Boomtown is a podcast about big oil in the Permian Basin hosted by Christian Wallace and produced by Texas Monthly in partnership with Imperative Entertainment.

Background 
The show was produced by Texas Monthly in partnership with Imperative Entertainment, and syndicated on Marfa Public Radio. The show debuted on December 10, 2019 with Jason Hoch as the executive producer of the show. Boomtown is a narrative serialized show about the 21st century Texas oil boom that occurred in the Permian Basin. Christian Wallace—the host of the show—grew up in Andrews, Texas and previously spent a year as a roughneck in the oilfields working on drilling rigs. The first episode of the ten part series is about U.S. Route 285 in Texas known as "Death Highway" or the "Highway to Hell" because the traffic from tank trucks carrying oil has increased the number of deaths by 67% since the beginning of the oil boom.

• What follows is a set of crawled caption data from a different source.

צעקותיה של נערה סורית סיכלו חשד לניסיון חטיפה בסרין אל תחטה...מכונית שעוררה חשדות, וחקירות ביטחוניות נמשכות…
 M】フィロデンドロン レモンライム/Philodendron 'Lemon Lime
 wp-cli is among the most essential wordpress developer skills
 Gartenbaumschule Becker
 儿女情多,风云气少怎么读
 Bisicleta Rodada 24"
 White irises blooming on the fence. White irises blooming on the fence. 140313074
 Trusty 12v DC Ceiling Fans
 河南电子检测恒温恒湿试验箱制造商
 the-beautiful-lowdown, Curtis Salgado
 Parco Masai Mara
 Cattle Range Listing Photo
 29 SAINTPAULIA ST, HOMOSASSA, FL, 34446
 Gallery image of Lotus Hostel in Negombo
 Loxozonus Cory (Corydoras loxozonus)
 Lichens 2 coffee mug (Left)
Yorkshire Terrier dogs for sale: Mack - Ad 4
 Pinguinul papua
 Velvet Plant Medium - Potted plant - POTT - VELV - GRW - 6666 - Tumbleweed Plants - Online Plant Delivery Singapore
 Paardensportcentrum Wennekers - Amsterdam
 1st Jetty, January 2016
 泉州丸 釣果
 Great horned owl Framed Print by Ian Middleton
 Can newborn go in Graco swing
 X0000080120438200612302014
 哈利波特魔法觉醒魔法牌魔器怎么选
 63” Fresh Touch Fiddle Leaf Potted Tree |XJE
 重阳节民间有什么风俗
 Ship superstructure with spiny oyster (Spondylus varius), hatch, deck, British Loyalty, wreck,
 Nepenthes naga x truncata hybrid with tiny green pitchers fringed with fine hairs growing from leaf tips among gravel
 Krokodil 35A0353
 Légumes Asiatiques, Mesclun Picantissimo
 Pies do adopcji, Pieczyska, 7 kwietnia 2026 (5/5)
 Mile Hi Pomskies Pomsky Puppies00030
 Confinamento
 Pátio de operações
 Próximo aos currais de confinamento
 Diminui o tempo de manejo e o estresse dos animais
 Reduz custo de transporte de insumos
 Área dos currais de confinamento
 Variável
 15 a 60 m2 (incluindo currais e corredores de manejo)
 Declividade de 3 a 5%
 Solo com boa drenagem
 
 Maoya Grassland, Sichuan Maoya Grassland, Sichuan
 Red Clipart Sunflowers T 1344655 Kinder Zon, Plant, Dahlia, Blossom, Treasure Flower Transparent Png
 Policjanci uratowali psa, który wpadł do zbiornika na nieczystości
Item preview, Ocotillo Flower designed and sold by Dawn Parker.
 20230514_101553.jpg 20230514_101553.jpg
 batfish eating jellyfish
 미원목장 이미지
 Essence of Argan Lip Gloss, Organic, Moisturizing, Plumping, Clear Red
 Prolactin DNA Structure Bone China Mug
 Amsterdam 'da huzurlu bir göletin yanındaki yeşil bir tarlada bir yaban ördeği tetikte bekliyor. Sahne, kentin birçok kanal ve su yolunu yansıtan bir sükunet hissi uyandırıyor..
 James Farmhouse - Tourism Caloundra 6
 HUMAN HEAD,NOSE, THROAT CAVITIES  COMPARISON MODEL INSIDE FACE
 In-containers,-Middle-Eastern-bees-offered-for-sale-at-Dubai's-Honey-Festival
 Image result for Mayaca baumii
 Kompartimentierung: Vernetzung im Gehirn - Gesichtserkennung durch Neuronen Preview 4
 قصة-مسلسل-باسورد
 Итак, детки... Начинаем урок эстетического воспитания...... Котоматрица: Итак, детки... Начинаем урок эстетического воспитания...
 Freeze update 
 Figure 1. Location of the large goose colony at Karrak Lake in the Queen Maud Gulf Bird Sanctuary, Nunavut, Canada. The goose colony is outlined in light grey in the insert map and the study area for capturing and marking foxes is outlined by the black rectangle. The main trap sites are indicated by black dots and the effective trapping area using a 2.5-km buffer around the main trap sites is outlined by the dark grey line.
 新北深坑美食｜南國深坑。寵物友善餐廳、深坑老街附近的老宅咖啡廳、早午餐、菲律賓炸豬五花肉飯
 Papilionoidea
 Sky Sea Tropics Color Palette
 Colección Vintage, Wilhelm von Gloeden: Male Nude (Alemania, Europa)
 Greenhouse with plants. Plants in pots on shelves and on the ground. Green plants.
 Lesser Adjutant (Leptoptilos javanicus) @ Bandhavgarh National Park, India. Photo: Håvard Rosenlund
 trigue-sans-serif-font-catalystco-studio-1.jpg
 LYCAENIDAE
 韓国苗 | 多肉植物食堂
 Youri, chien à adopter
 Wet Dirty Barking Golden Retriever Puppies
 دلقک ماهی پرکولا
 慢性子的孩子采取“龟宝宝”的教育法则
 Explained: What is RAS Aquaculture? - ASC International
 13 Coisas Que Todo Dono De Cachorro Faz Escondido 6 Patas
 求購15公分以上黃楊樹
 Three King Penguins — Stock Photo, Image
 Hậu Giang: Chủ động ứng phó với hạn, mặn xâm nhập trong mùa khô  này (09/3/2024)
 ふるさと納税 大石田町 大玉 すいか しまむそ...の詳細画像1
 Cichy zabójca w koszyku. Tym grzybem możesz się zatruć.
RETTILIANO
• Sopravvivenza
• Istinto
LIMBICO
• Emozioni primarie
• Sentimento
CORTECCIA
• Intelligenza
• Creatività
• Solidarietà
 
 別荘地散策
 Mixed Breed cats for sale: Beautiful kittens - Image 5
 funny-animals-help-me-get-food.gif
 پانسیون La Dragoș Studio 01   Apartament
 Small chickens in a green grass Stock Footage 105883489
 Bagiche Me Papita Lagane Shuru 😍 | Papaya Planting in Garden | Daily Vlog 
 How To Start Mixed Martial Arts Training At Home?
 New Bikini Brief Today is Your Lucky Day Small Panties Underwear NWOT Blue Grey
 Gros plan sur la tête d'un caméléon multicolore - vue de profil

At the end of each episode Wallace discloses that "Texas Monthly's parent company also owns interests in the midstream oil and gas industry among other diversified investments. Our editorial judgements are made independently of any such investments."

Reception 
In January of 2020, CBS7 reported that the show hit number one on the iTunes and Spotify charts and had stayed within the top twenty documentary podcasts.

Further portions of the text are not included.